The conversion of cellulosic biomass to ethanol as a viable way of decarbonizing the transportation sector has experienced a growing interest in the last few decades. However, this infant industry still struggles to succeed commercially. To examine the economic feasibility of cellulosic ethanol, this study conducts a meta-analysis using recently published Techno-Economic Analysis (TEA) studies, which compute the Minimum Fuel Selling Price (MFSP) to measure the economic viability of ethanol production. This review finds that ethanol MFSPs range from $0.90–6.00/gallon with an average of $2.65/gallon, which is comparable to retail gasoline prices in the U.S. The considerable variation in MFSP estimates is due to the wide range of assumptions made by TEA studies. The unit cost of production was computed to examine the economies of scale effect, which resulted in a scale factor of 0.69. This estimate affirms the assumptions made by TEA studies. Multivariate linear regression shows that capital cost is positively correlated, while input capacity and output capacity are negatively correlated, with MFSP. These variables significantly impact MFSP, while pathway, feedstock type, and feedstock cost are not statistically significant due partly to data limitations.
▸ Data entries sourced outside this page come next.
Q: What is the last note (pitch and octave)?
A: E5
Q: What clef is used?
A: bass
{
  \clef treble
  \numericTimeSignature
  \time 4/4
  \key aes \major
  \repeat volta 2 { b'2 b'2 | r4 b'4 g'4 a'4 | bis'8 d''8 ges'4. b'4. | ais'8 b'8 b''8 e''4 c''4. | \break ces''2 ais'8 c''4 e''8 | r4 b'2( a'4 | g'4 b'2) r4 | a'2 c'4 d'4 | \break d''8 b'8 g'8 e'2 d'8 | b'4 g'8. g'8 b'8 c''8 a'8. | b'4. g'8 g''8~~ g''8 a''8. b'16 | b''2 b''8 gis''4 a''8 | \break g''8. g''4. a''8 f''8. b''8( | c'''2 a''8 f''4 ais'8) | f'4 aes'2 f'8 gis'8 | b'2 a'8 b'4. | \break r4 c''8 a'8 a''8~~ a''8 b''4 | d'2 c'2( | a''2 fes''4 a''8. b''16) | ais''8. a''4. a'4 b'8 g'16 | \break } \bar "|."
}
Findings from this analysis provide insights for improving the economic viability of cellulosic ethanol, which calls for a suite of government policies including financial incentives, mandates, and assistance programs for this industry to thrive.

Suggested Citation

  • Aui, A. & Wang, Y. & Mba-Wright, M., 2021. "Evaluating the economic feasibility of cellulosic ethanol: A meta-analysis of techno-economic analysis studies," Renewable and Sustainable Energy Reviews, Elsevier, vol. 145(C).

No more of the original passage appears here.